Hannah Whitaker, Spin, 2017. Courtesy Marinaro Gallery

The photographs that made up Hannah Whitaker’s exhibition Hide Your Daughters at Marinaro Gallery don’t look like photographs. It’s their strongest characteristic, but also, ultimately, their weakest.

Whitaker’s works are created through an arduous process of in-camera masking and multiple exposures in which she samples her own photos of everyday textures – metal grates and fences – as well as pieces of colored paper, then cuts them up and creates various screens to alter a 4×5 sheet of film in the camera. The results look like collaged cutouts or Photoshop sketches, with repeating shapes and textures.

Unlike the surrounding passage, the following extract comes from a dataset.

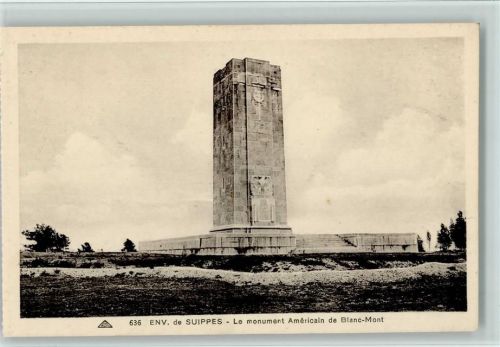 Suippes Monument Denkmal an die Amerikaner am Montblanc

The first references that come to mind aren’t necessarily photo-based, but that may be fitting, since the pictures are very much about translation and communication. The playful geometric patterns suggest elementary graphic design, evoking the Memphis Group and other ‘80s-era design tropes. The allusions to contemporary photography have to do more with formal decisions than the aesthetics of the pictures themselves – Lucas Blalock’s use of clone stamping (a Photoshop tool), or Jessica Eaton’s in-camera experiments.

Hannah Whitaker, Kick, 2017. Courtesy Marinaro Gallery

Also spliced throughout the series were silhouettes of arms, hands, and feet whose arrangements mimic signs and symbols. In a pair of works titled Thumbs Up and Thumbs Down (both 2017), the eponymous symbols form a cheeky take on criticism in the era of social-media “likes.” In Talk, (2017), a sequence of sign-language symbols formed by a hand are arranged to create a message at the bottom of the image. The decoded message, though, reads like gibberish – a combination of random letters and numbers. Then again, perhaps that’s not the point. These symbols wind up representing the semiotic constraints of visual communication, especially in these the days of emojis and rampant image-sharing, where entire conversations are had without the exchange of words.

The surfaces of Whitaker’s photos aren’t as interesting as the formal gestures and in-camera experimentation behind them. But even up close, it was hard to distinguish the photographs from a rough-hewn Photoshop sketch, and it’s hard not to think that the pictures would be stronger if we didn’t need press-release exposition to appreciate the inspired technique behind them.